Stocks Flat
The S&P 500 and the Dow posted modest declines that were roughly equal in scale to the previous week’s gains, while the NASDAQ was essentially flat. Although stocks made sizable daily movements in the latest week, they’ve traded in a relatively narrow range since early April.
Although overall U.S. stock market volatility remained modest throughout the week, that wasn’t the case for the stocks of regional banks. A handful saw their stocks plunge by as much as 50% on Thursday, only to recover most of that ground on Friday as their shares rallied. In the wake of recent bank failures, regional banks’ balance sheets have come under intense scrutiny.

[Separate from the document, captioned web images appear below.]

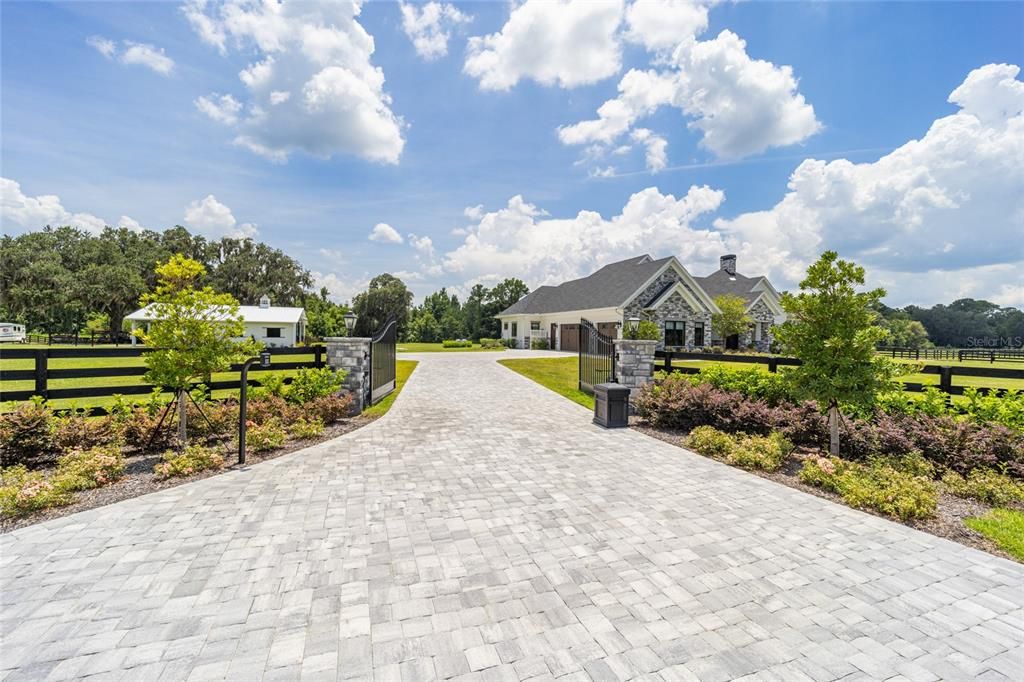 En Venta: $3,299,000 (3 camas, 3 baños, 3053 Pies cuadrados)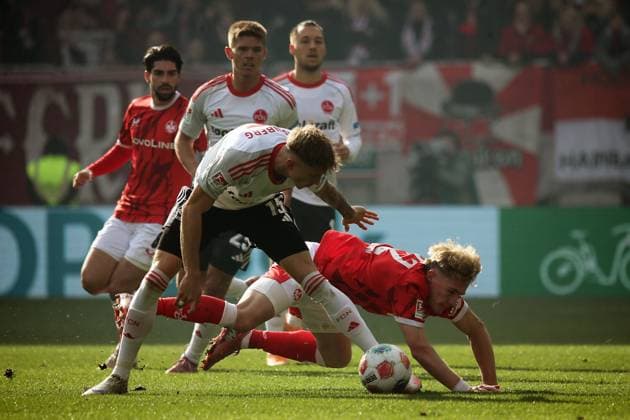 26 10 2025, xmohx, Fußball 2 Bundesliga, 1 FC Kaiserslautern 1 FC Nürnberg v l Tim Drexler 1 FC Nuernberg Mika Haas 1 FC Kaiserslautern Zweikampf, Aktion, action, battle for the ball DFL DFB REGULATIONS PROHIBIT ANY USE OF PHOTOGRAPHS as IMAGE SEQUENCES and or QUASI VIDEO Kaiserslautern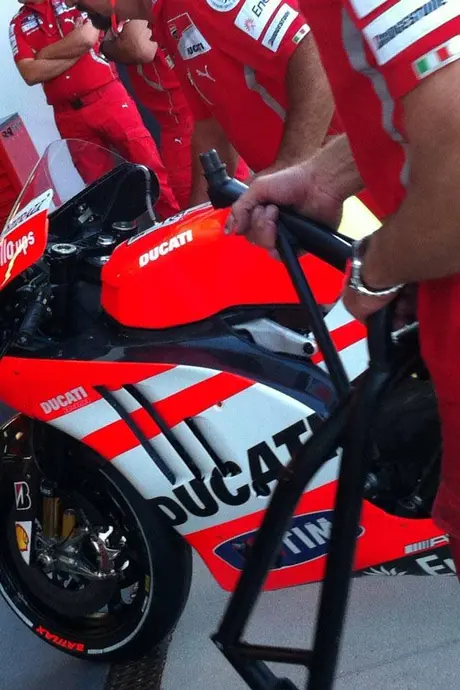 “Bagian depan dari motor sedikit berubah….” ujar Rossi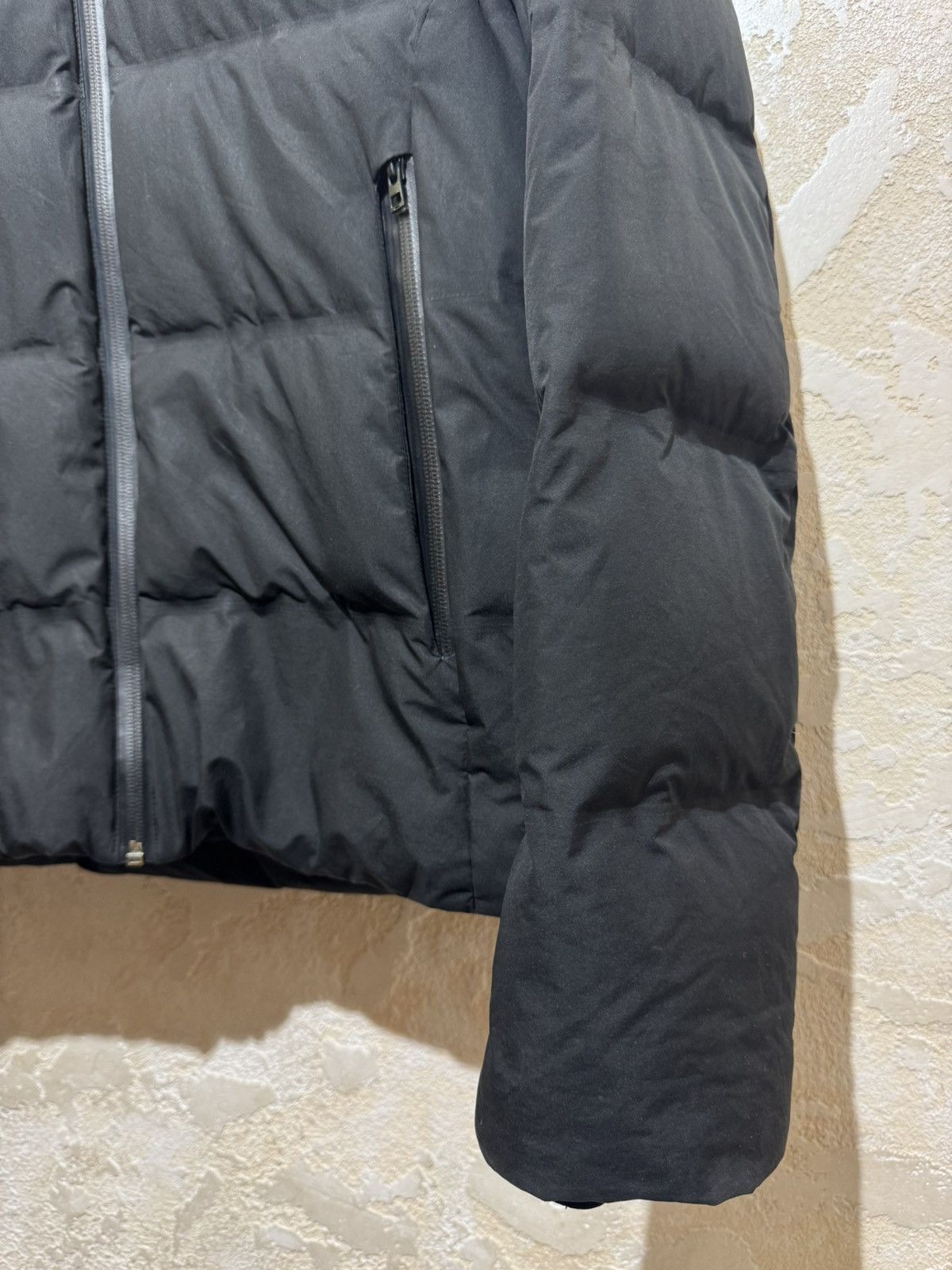 Uniqlo Uniqlo Mens Down Hooded Black Jacket Size S Size US S / EU 44-46 / 1 - 5 Thumbnail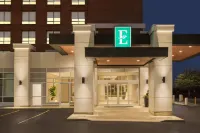 Embassy Suites by Hilton Toronto Airport Hotels near Humber College North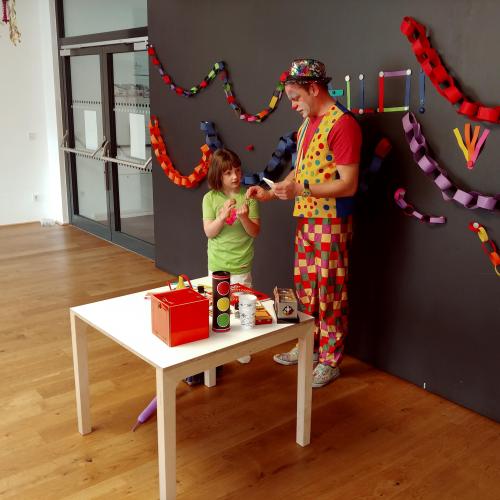Fasching in der Schule 25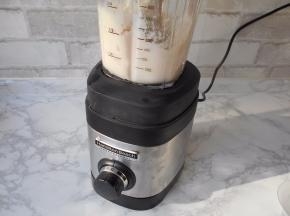 加入1/2个蛋清，1大勺料酒，少许胡椒粉，2勺淀粉搅打成细腻。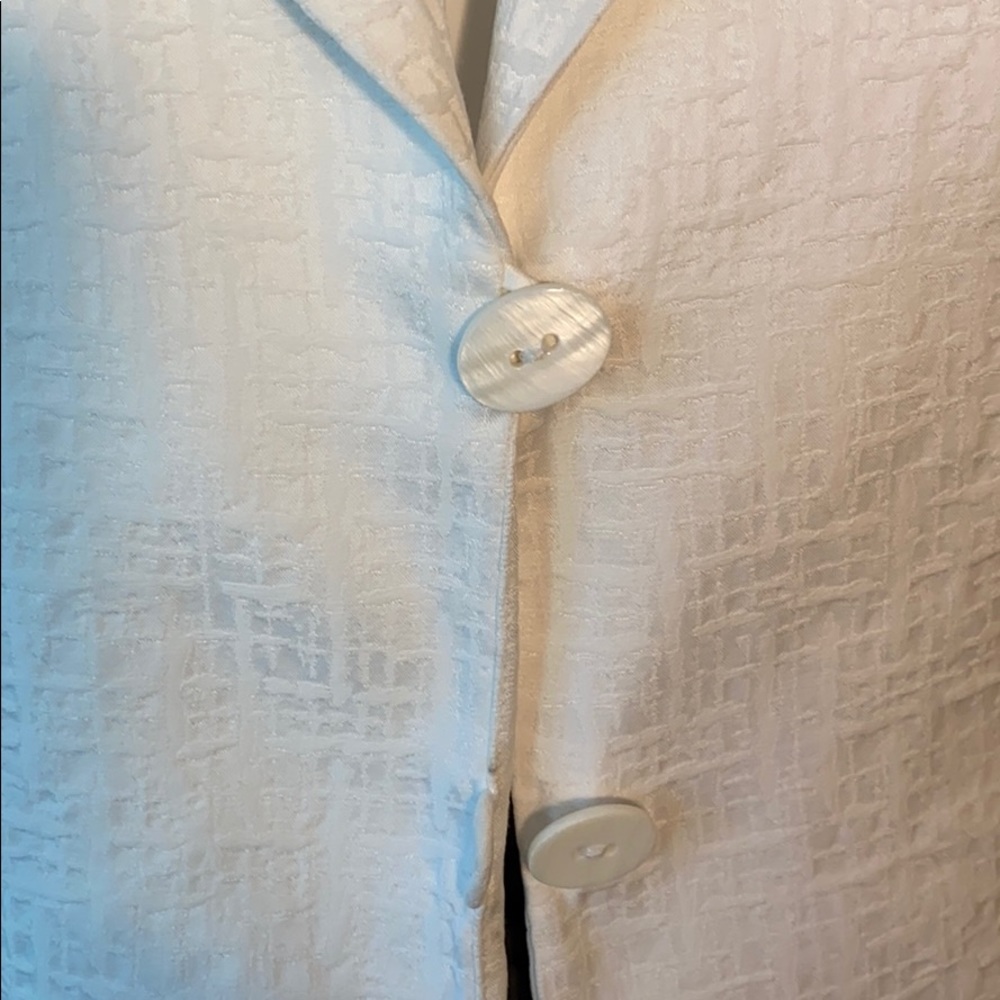 Doncaster Single Breasted White Jacket - image 4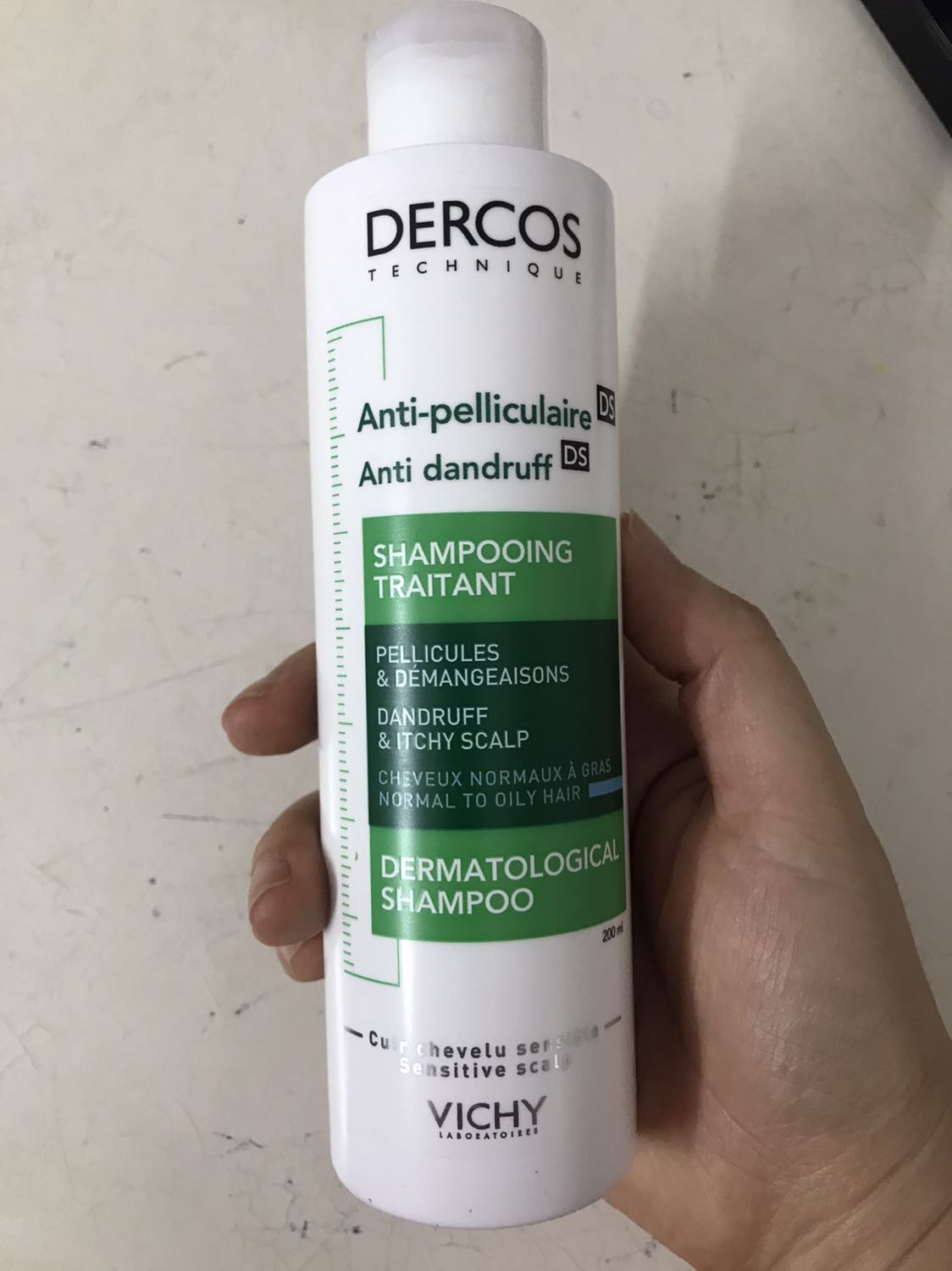 Mới dùng lần đầu, thấy giảm gàu và nhẹ đầu hẳn. Nên dùng thêm dầu xả để tóc mượt, đỡ khô nhất là trong mùa đông hanh này.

U.S. labor market performance continued to surprise on the upside, as the 253,000 jobs added in April exceeded expectations and topped the previous month’s downwardly revised figure of 165,000. The unemployment rate slipped to 3.4%, the lowest level since 1969.
For its tenth meeting in a row, the U.S. Federal Reserve lifted its benchmark interest rate, but it hinted at the possibility of a pause in its rate-hiking cycle. As it raised its benchmark rate to a range of 5.00% to 5.25%, the Fed’s latest policy statement removed language that had been in previous statements indicating that it “anticipates that some additional policy firming may be appropriate.”
With roughly 85% of S&P 500 companies having reported first-quarter results as of Friday, key metrics this earnings season have come in better than their one-year averages, according to FactSet. In addition, the research firm reports that the overall earnings outlook for full-year 2023 has improved in recent weeks.
Pressure grew on Congress and the White House to negotiate to avoid a potential default as the treasury secretary said that the government’s capacity to use special accounting measures to keep paying bills may be exhausted by June 1, several weeks earlier than had previously been expected. The president invited congressional leaders to meet with him on May 9 to discuss potential deals to lift the debt ceiling.
The day after the U.S. Federal Reserve lifted interest rates again, the European Central Bank followed suit but signaled that it isn’t yet ready to pause its inflation-fighting campaign. The bank increased its benchmark rate by a quarter percentage point to 3.25%—the highest in nearly 15 years.
A Consumer Price Index report scheduled to be released on Wednesday will show whether the recent moderation in inflation extended into April. In March, inflation fell to a 5.0% annual rate from 6.0% the previous month, bringing inflation to the lowest level in nearly two years.